Di tengah pergeseran dinamika global, platform kripto Indonesia tidak tinggal diam dan terus berupaya mengembangkan ekosistem lokal. Upbit Indonesia, misalnya, secara proaktif memadukan edukasi tren Web3, fenomena yapping dan SocialFi, serta konsep sportainment, untuk menarik dan mengedukasi masyarakat luas tentang potensi aset digital.

Fenomena “yapping” sendiri merujuk pada aktivitas meramaikan materi terkait kripto melalui percakapan intens di berbagai platform media sosial seperti Twitter/X, Telegram, atau Discord. Aktivitas ini menjadi elemen krusial dalam membangun eksposur serta menjaga keberlangsungan proyek-proyek kripto, menciptakan gelombang antusiasme dan informasi di komunitas.

Selaras dengan itu, SocialFi merupakan model inovatif yang memungkinkan interaksi sosial dimonetisasi secara langsung melalui token atau NFT. Konsep ini memberdayakan komunitas untuk tidak hanya menjadi pengguna, tetapi juga pemilik sejati dari platform yang mereka dukung. Keduanya saling terkait erat: semakin ramai “yapping”, semakin tinggi pula nilai yang berpotensi tercipta di dalam ekosistem SocialFi.
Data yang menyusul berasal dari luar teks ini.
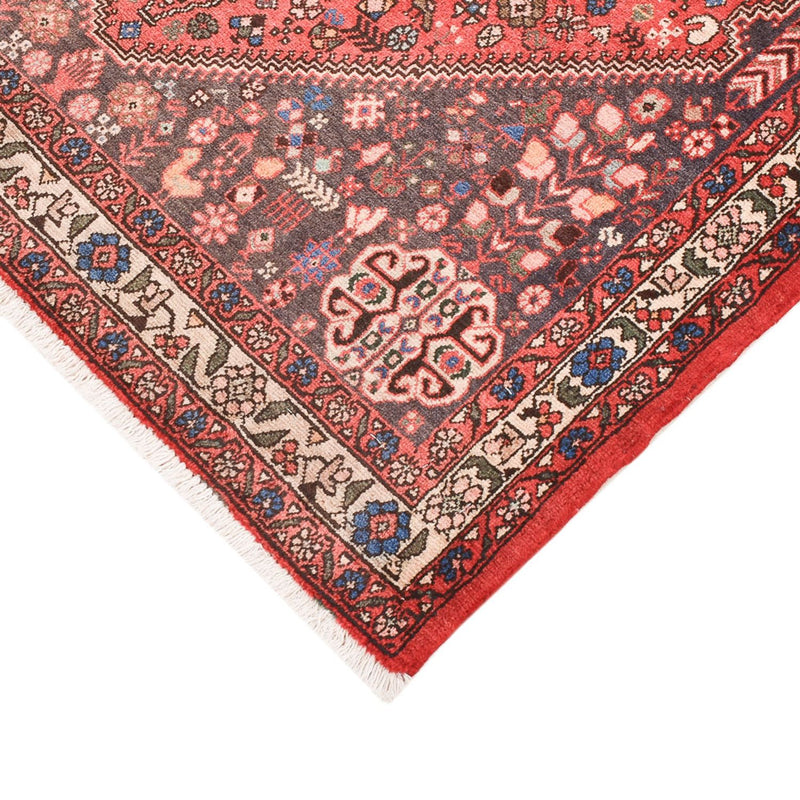 Alfombra persa - Nómada - 153 x 107 cm - rojo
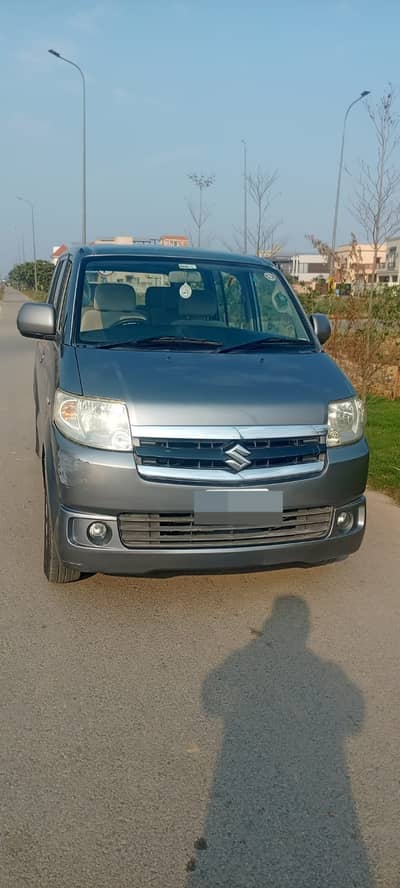 Suzuki APV 2016
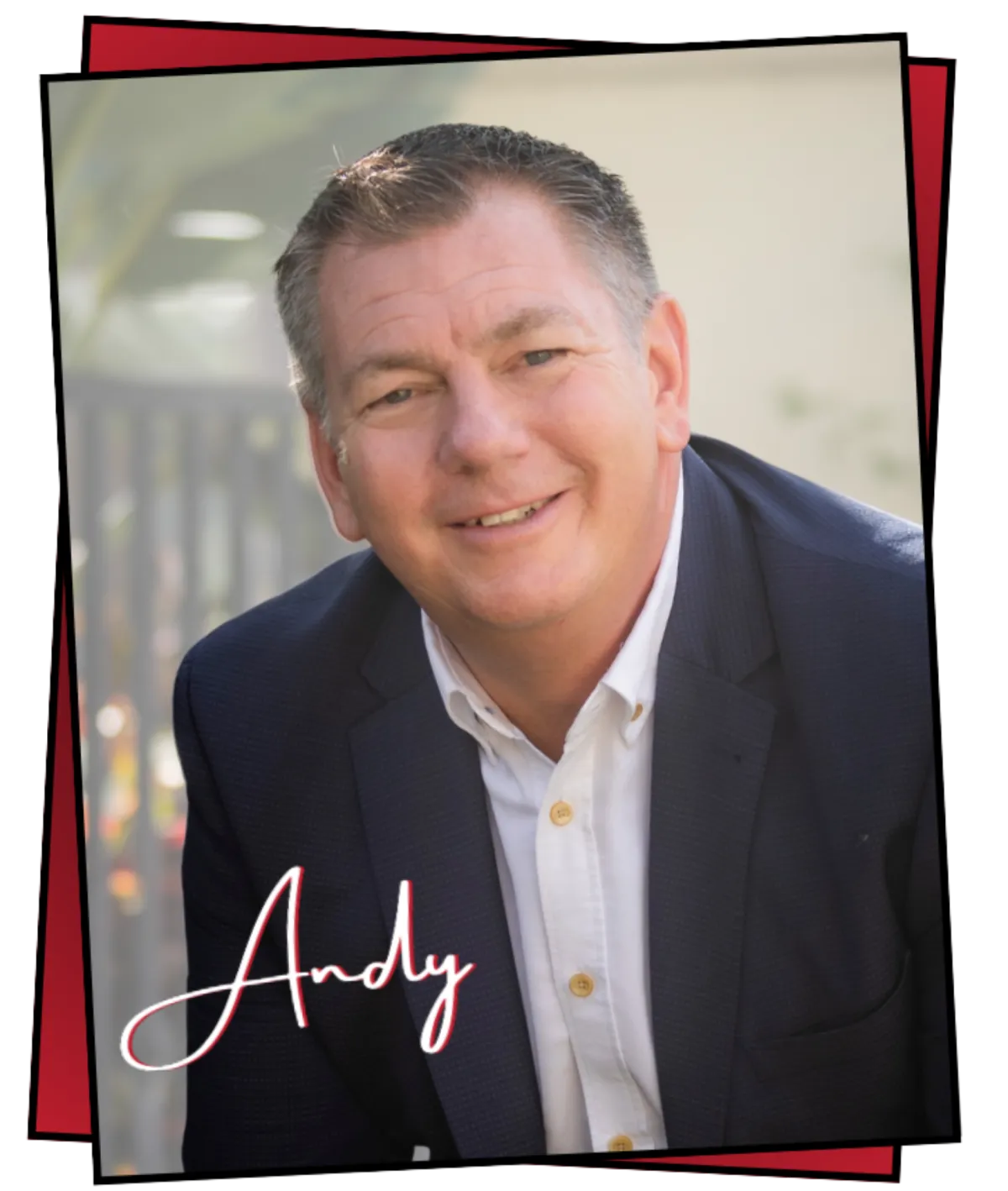 Andy Hall - Leadership, Business & Life Coach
“Melalui diskusi maupun aktivitas sportainment, kami ingin menunjukkan bahwa Web3 bukan hanya sekadar soal teknologi, melainkan juga tentang membangun koneksi yang kuat dan kolaborasi yang berkelanjutan,” ujar Resna Raniadi, Chief Operating Officer Upbit Indonesia, dalam rilisnya kepada Kontan.co.id pada Kamis (4/9).

Resna menambahkan bahwa pemahaman yang lebih mendalam mengenai tren Web3, seperti yapping dan SocialFi, akan membekali investor dan komunitas untuk lebih siap menghadapi perkembangan pesat di dunia digital. “Edukasi adalah kunci utama agar ekosistem kripto dapat tumbuh sehat dan berkelanjutan di masa mendatang,” pungkas Resna, menekankan pentingnya literasi digital bagi seluruh pelaku pasar kripto Indonesia.